The cabinet has decided to raise FRP of sugarcane by 7 percent and has tried to match the recommendation of Food Ministry. The Food Ministry has recommended a price of Rs 140 a quintal while cabinet determination of price has brought it to Rs 139.12 per quintal for the 2010-11 season. The FRP of sugarcane for 2009-10 season was Rs 129.84 per quintal. Sugar season runs from October to September.
“The Cabinet Committee on Economic Affairs (CCEA) approved determination of FRP of sugarcane for 2010-11 season at Rs 139.12 per quintal,” an official statement said. The decision was taken at a meeting of CCEA this morning. FRP is the minimum price that sugarcane farmers are legally guaranteed.
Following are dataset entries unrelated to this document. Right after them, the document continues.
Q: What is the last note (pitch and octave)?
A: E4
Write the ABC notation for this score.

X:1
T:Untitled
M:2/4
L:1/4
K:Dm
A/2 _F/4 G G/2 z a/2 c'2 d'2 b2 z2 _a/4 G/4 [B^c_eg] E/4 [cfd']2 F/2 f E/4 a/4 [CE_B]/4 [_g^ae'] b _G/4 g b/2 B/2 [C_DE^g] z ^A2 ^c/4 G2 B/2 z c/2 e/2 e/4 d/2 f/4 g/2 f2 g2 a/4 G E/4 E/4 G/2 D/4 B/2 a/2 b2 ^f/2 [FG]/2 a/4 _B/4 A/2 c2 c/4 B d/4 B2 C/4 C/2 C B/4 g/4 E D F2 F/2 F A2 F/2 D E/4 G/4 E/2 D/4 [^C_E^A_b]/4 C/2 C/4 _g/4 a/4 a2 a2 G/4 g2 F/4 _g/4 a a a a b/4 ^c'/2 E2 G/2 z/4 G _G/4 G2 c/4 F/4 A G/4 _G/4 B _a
However, the sugar mills are free to offer any price above the FRP.
From the current season, the Centre has decided to fix FRP as the price to be paid by the sugar mills instead of the Statutory Minimum Price (SMP) earlier. FRP is linked to a basic recovery rate of 9.5 per cent subject to a premium of Rs 1.46 for every 0.1 percentage point increase in recovery above 9.5 per cent. Recovery rate is the sugar produced from the crushed cane, the statement said.
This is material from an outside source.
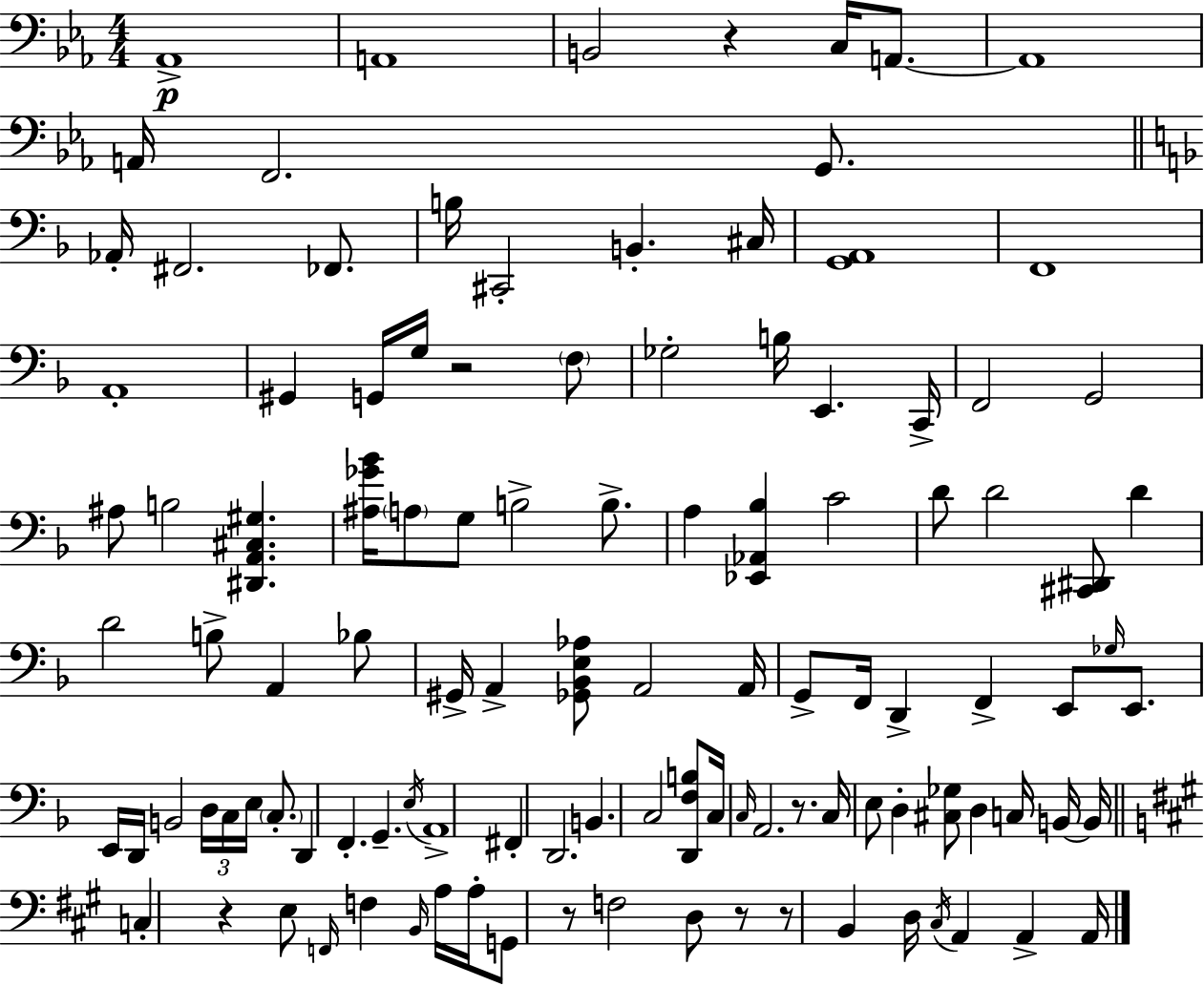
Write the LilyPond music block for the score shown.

The CCEA has fixed the FRP of sugarcane for 2010-11 season close to the recommended price of around Rs 140 a quintal by the Food Ministry. In the current season, sugarcane farmers have received about Rs 250 a quintal due to shortage of the crop. The FRP is fixed after taking into consideration the margins for sugarcane farmers on account of risk as well as profit on the cost of production of sugarcane, including the cost of transportation. It includes a margin of nearly 45 per cent on account of profit and risk to the farmers on the all India adjusted average cost of production of sugarcane, including the cost of transportation to the mill gate.
The reactions of sugarcane growers are yet to pour in though they had sort of won the battle last year when they brought Delhi to stand still by populating its streets in large number on the issue of sugarcane price.
The controversy erupted as the Centre proposed an FRP of just under Rs. 130 a quintal of sugarcane at a time when the market price was above Rs. 200. The government’s (now dropped) proposal was if the State governments were to suggest a higher SAP, the difference would have to be paid by them to farmers, not the mills. The result: the State governments would not declare SAP, farmers would have got less for their produce in accordance with the Centre-declared FRP and mill owners would benefit by getting cane cheap. This part of the proposed amendment has now been dropped altogether.